It stimulates gastric acid secretion through histamine release from enterochromaffin
cells, which binds to H2 receptors on parietal cells.
It also has a trophic effect on the gastric mucosa.
The primary stimulus for secretion of gastrin is presence of peptides, and calcium, others
are coffee, wine, beer, etc….. .
Excessive secretion of gastrin, is a well recognized feature of Zollinger‐Ellison syndrome,
Most commonly, hypergastrinemia is the result of gastrin‐secreting tumors
(gastrinomas), which develop in the pancreas or duodenum.
2‐ Cholecystokinin
It is secreted from mucosal epithelial cells in the duodenum, and it is also produced by
neurons in the nervous system.
The most potent stimuli for secretion of cholecystokinin are the presence of triglycerides
then proteins then polysaccharides respectively in the lumen of the duodenum.

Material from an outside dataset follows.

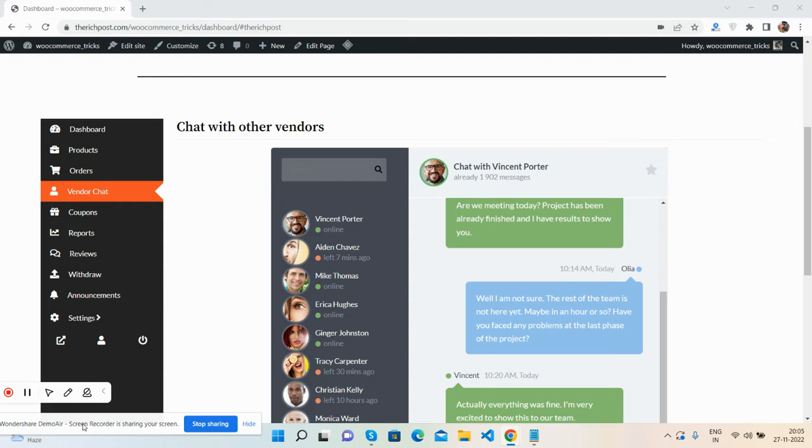So guys, before showing you the working demo, I must say please watch the video till the end and please subscribe my channel for latest Docker updates. On my screen you can see WooCommerce plus Dokan multi-vendor dashboard.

Cholecystokinin stimulates secretion of pancreatic enzymes, contraction and emptying
of the gall bladder.
Cholecystokinin is a key peptide involved in generating the satiety signal via the vagus
nerve.
3‐ Secretin:
Secreted from mucosal epithelial cells in the duodenum in response to acid (acidification
of the duodenum), and Stimulates secretion of water and bicarbonate from the pancreas
and the bile ducts to neutralizes the acid.
4‐ Gastric inhibitory polypeptide (GIP)
Is a member of the secretin family. it is produced by enteroendocrine K‐cells, mainly in
the duodenal and jejunal epithelia.
It is released in response to presence of fat and glucose in the small intestine.
It Inhibits gastric motility and potentiates release of insulin from beta cells.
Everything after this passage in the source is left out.